Cyril Dion : « Montrer des solutions, c’est plus efficace que d’alerter »

10 ans après Demain, c'est la lutte enchantée pour garder l'espoir

Dix ans après Demain, Cyril Dion poursuit son œuvre de poète et de militant en quête d’un monde reconnecté au vivant. Alors que le film ressort en salles le 8 décembre pour une projection simultanée dans toute la France, il publie La lutte enchantée (Actes Sud) et prépare un nouveau long-métrage, Démocratie maintenant. Entretien avec un conteur engagé, qui continue de croire que les récits peuvent changer le monde.
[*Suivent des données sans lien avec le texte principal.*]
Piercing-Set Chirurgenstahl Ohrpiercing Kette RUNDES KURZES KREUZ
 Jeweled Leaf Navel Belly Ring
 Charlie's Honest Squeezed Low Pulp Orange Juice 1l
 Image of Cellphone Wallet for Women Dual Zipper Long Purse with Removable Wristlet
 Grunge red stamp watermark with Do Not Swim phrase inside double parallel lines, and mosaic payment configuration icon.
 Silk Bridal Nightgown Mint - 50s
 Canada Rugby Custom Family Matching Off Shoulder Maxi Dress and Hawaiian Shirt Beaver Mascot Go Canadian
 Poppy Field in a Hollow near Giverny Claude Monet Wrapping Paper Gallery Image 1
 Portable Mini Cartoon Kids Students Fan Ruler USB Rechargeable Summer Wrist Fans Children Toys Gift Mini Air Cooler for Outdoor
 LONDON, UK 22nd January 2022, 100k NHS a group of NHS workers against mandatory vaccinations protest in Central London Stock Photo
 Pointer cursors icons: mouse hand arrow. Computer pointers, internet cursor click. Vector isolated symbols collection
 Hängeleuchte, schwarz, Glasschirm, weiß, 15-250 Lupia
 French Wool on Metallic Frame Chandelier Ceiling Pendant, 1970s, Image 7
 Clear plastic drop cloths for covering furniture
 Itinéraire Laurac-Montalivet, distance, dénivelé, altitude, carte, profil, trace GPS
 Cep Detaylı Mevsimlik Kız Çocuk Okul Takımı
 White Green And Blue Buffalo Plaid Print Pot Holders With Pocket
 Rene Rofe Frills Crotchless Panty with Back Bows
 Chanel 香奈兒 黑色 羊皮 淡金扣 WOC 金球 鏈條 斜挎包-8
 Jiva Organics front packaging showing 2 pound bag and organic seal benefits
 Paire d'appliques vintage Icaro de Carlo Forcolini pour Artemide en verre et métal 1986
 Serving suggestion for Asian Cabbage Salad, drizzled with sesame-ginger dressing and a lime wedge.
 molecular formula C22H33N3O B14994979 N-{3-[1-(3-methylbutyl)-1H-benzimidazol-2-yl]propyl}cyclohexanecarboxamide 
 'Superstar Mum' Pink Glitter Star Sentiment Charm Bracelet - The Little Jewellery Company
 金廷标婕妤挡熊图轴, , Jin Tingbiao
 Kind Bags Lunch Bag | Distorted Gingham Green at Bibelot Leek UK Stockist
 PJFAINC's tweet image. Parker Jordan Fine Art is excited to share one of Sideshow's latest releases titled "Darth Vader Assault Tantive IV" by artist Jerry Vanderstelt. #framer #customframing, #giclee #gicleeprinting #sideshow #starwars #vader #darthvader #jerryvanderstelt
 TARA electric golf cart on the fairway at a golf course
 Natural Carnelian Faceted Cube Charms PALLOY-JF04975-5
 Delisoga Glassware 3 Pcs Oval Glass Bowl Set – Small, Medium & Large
Cyril Dion en 2016 au Festival de Mouans-sartoux © Maxppp – Sylvestre

10 ans après le film Demain

Dans le film Demain réalisé avec Mélanie Laurent, vous aviez posé une question simple : « Et si montrer des solutions était la meilleure façon de résoudre les crises ? ». Le film sera projeté le 8 décembre 2025 dans plusieurs cinémas partout en France. Pourquoi maintenant ?

Cyril Dion : Pour moi, cela veut dire que le film continue de vivre. Demain a eu un succès très important avec plus d’un million de spectateurs qui ont été le voir au cinéma. Mais surtout, c’est aussi un succès en terme d’inspiration. Il a été source de milliers d’initiatives nées dans son sillage. Chaque semaine, des gens viennent encore me dire : « Ce film a changé ma vie. » Certains ont changé de métier, d’autres ont choisi leurs études à cause de ce qu’ils y ont vu dans ce documentaire. 

Et puis, il y a des exemples très concrets. Quand nous avons tourné Demain, nous filmions à Copenhague qui nous paraissait être le paradis du vélo. Dix ans plus tard, Paris est devenue la ville la plus cyclable d’Europe, devant Copenhague et Amsterdam ! Anne Hidalgo m’a d’ailleurs confié en 2018, lors d’un entretien pour le documentaire Après Demain, que sa politique vélo avait été inspirée par ce qu’elle avait vu de Copenhague dans Demain.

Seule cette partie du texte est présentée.